Was that to me? I was just saying _rather than_ a 4th order BP, why not a normal ported box, with the port firing through the rear seat? And if I were to build a 4th order, I'd have the subs sealed in one chamber, firing into a vented chamber, which would have a protruding port firing through the hole in the rear seat. Done this way, all of the output comes through the port, so there's no reason to worry about sealing up the trunk.


----------



## enerlevel (Jun 6, 2009)

i remember making a ported box with the subs facing the trunk and the port firing inside the car through the read ram rest. didnt work for me tho..... mayb i did somthing wrong dunno


----------



## timelord9 (Jun 4, 2008)

to TJMobileAudio + OP

have a read through these posts, the best way for max SPL and half decent SQ is a "mini-wall" through the ski hole. 

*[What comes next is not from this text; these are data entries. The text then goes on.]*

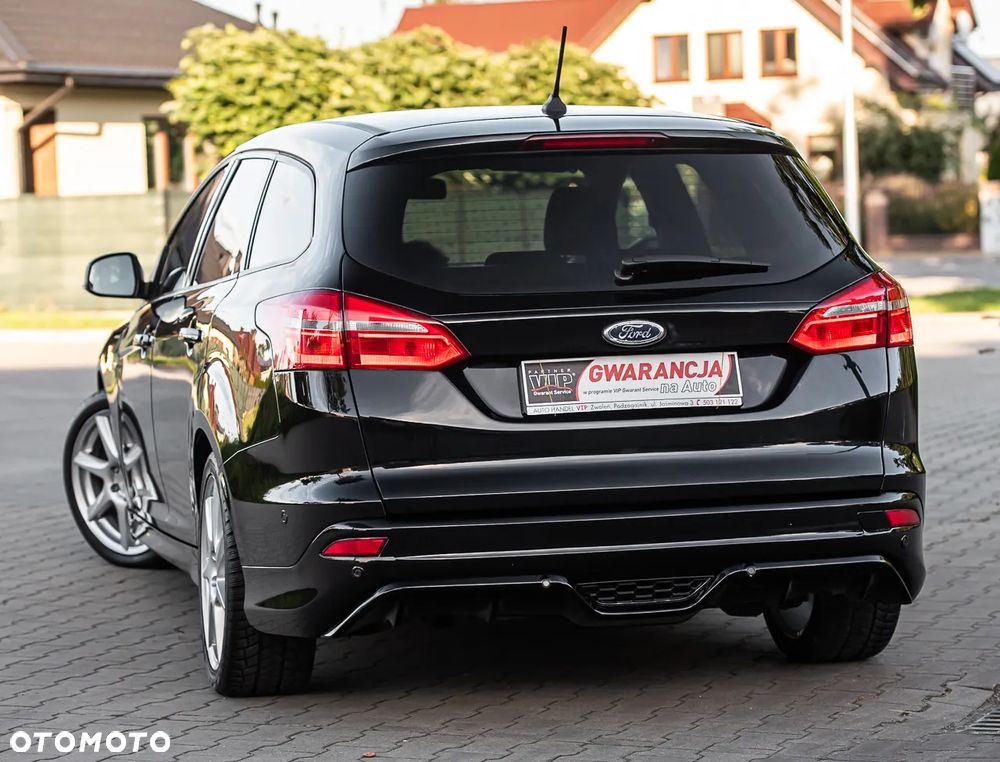 Ford Focus ver-1-5-ecoblue-scr-st--line - 8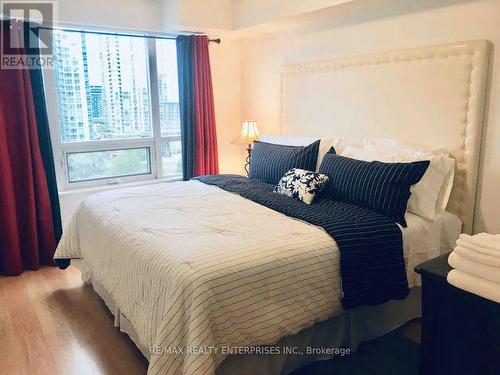 1017 - 20 Blue Jays Way, Toronto, ON - Indoor Photo Showing Bedroom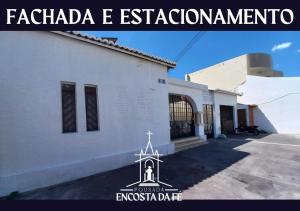 a church with a cross on the side of a building at Pousada Encosta da Fé - Unidade Centro in Juazeiro do Norte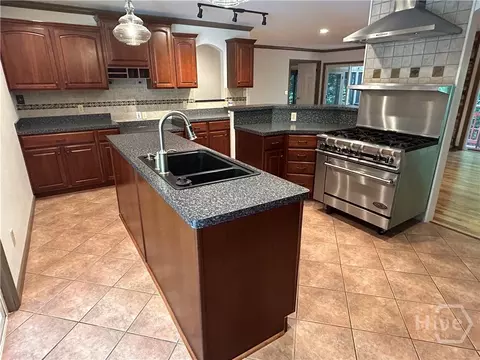 Kitchen - 650 Woodside Rd, Athens, GA 30606 photo 9 of 11
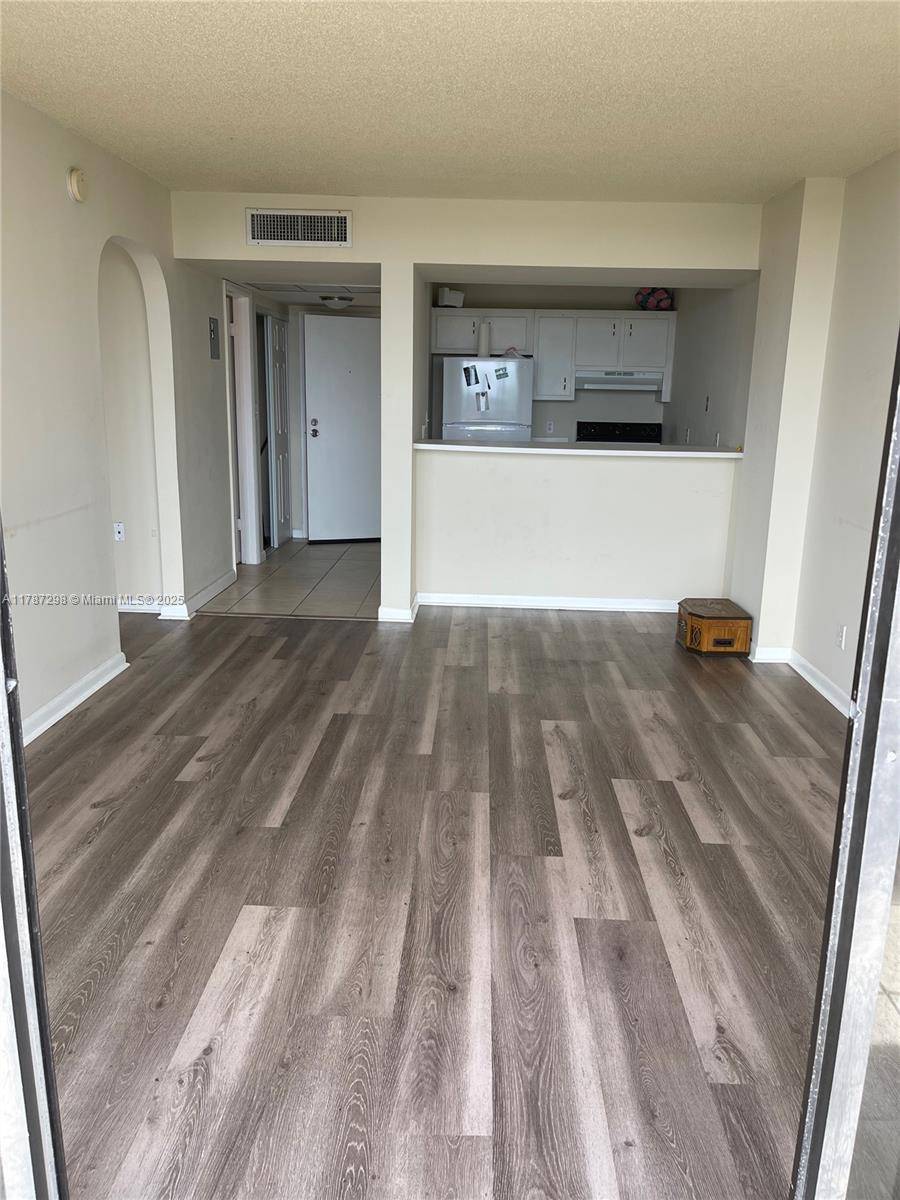 Lauderhill, FL 33319,4222 Inverrary Blvd #4512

97 statesman big boot, 6 10 inch subs Good Question about porting - Mobile Electronics Australia

Sub box design using a pc program for MY Statesman. - Mobile Electronics Australia


----------



## TJ Mobile Audio (May 6, 2009)

timelord9 said:


> to TJMobileAudio + OP
> 
> have a read through these posts, the best way for max SPL and half decent SQ is a "mini-wall" through the ski hole.
> 
> ...


Can you post pics of this "mini-wall" technique? I read through the threads, but couldn't see the pictures because I'm not a member of that forum.

Thanks for the suggestion!


----------



## cubdenno (Nov 10, 2007)

Having the woofer firing into the trunk and the port firing into the passenger compartment begs for cancellation to occur due to reflections. There is an article online where a guy tried several placements of a sub enclosure in a vehicle with a trunk. If I get some time, I will try to find it. Work prohibits certain websites...

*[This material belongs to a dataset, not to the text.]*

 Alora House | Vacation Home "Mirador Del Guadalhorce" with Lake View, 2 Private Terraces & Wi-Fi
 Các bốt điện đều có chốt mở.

To get loud, run ported and lots of power. I have a single 15 in a trunk and hit 145 on tones 143 on music at the passenger windshield. And I think the car can sound very good. Because of transfer function the need to port sooooper low is silly unless you are truly in the pursuit of ultra SQ. 

I run both a ported enclosure tuned to 45 hertz and it gives a nice low pounding into the 20's and a single reflex bandpass that is tuned around 65 hertz that is ruler flat in car to 30 hertz. My bandpass is louder at certain points in the car depending on orientation. If the port is on the drivers side the passenger side is louder. and vice versa. Also if the port is facing toward the passenger compartment I lose a little efficiency but the sound is a little "tighter" musically. When I use the BP it is for overall efficiency across the usable bandwidth.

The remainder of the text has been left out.